* _Your instructions_:
All lines in the data that hold the word "Casa" need copying.

Short web captions:
====================

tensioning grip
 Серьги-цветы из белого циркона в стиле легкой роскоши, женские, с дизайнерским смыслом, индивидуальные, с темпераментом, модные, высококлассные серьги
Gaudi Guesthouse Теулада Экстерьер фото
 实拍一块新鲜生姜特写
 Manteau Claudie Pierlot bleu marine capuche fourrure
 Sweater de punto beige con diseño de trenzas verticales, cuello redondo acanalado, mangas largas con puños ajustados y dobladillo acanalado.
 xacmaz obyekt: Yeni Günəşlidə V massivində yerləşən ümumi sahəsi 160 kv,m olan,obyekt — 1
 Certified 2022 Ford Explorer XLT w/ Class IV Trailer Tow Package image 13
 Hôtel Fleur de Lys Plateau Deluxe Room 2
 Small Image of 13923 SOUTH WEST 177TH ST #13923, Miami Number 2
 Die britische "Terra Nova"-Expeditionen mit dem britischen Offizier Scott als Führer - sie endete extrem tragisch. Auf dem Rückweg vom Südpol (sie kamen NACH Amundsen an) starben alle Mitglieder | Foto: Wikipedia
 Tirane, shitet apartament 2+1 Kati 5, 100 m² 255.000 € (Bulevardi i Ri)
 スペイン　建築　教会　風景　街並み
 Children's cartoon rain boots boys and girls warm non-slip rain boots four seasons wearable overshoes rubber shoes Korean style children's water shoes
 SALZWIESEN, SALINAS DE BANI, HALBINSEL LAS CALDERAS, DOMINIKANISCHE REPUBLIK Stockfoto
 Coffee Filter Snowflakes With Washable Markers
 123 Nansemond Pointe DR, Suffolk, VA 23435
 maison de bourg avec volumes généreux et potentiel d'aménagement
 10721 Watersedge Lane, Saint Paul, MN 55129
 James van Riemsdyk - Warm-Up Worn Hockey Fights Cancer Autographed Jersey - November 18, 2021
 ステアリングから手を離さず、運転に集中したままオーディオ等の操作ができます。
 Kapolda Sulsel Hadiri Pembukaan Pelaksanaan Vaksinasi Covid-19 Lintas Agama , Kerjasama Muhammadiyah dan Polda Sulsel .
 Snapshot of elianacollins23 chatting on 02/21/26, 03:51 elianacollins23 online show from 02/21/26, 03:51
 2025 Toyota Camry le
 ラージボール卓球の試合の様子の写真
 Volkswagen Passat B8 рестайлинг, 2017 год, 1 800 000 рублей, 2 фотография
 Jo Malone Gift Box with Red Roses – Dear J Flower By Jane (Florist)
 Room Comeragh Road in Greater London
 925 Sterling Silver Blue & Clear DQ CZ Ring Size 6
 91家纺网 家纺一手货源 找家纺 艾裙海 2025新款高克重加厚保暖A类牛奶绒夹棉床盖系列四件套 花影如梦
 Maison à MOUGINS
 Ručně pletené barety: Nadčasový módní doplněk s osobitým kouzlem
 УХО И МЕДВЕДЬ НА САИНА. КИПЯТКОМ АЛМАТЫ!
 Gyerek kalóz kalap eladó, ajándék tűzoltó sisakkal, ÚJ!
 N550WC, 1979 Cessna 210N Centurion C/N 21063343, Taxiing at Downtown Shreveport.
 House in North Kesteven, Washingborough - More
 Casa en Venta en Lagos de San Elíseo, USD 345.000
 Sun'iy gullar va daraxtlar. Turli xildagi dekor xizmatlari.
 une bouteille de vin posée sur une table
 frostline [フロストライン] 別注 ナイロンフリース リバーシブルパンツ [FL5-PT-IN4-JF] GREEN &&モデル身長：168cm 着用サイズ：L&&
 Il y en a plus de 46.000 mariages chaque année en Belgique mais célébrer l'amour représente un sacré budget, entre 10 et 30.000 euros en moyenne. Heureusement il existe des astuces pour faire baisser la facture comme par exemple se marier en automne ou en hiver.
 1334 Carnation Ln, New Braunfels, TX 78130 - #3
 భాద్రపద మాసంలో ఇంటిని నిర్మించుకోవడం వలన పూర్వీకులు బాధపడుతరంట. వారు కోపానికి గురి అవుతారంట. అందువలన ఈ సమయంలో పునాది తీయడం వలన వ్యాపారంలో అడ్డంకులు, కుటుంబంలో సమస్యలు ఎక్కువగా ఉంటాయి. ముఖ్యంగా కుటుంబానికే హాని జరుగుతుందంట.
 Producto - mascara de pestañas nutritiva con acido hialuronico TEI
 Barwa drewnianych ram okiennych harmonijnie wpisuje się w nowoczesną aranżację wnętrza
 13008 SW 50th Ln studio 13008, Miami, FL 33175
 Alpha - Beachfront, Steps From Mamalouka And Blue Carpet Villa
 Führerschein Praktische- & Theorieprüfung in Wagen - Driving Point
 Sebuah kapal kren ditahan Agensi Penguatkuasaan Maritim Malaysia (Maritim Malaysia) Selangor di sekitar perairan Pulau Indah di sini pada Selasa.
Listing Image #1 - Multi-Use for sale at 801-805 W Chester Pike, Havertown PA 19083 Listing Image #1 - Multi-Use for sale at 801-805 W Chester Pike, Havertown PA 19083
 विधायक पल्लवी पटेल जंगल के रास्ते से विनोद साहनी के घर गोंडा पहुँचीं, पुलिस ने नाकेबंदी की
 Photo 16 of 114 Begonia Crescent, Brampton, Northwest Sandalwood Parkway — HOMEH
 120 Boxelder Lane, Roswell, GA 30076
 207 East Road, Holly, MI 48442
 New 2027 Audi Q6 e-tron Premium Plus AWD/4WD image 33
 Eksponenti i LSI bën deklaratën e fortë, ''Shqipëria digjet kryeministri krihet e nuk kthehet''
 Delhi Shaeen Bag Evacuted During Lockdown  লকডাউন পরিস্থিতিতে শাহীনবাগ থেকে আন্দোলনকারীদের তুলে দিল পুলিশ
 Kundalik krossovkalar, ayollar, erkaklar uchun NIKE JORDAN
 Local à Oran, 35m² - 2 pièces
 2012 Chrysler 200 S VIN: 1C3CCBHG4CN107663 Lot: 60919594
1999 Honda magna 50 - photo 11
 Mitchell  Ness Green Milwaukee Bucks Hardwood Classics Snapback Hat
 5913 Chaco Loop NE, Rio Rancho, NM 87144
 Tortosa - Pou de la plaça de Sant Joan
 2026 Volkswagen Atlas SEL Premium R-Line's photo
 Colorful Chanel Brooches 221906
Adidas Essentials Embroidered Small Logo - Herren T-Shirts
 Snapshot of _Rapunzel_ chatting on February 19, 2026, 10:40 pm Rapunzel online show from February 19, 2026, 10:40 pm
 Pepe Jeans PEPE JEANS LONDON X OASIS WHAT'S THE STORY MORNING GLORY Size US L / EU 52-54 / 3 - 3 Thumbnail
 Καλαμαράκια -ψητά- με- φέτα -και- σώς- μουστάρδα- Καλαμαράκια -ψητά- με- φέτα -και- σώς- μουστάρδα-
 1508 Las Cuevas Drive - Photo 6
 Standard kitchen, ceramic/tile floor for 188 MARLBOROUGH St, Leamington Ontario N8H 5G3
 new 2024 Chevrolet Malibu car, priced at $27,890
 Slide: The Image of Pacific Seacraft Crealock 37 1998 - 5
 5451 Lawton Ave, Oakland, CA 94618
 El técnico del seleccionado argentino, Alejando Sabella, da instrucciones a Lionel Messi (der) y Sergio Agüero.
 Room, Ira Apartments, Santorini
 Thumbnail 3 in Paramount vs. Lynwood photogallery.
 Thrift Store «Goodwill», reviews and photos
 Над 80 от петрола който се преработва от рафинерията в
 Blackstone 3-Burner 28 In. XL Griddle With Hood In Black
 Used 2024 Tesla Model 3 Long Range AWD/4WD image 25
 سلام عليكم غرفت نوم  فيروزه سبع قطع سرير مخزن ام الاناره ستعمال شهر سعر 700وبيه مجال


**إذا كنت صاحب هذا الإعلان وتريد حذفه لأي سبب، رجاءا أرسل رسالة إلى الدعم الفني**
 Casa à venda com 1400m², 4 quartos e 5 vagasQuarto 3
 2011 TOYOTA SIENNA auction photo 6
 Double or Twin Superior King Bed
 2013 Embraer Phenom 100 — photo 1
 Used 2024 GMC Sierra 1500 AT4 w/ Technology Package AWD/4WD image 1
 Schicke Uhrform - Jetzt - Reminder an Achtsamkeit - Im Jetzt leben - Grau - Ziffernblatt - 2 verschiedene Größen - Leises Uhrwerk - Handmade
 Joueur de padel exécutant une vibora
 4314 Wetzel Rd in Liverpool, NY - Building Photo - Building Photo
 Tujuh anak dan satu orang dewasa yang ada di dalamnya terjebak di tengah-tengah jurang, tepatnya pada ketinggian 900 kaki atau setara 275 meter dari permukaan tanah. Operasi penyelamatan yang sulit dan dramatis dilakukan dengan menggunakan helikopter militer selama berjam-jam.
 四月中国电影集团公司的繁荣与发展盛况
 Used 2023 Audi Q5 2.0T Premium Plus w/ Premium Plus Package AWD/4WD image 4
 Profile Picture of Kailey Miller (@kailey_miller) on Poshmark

====================

* _Exercise output_:
 Casa en Venta en Lagos de San Elíseo, USD 345.000
 Casa à venda com 1400m², 4 quartos e 5 vagasQuarto 3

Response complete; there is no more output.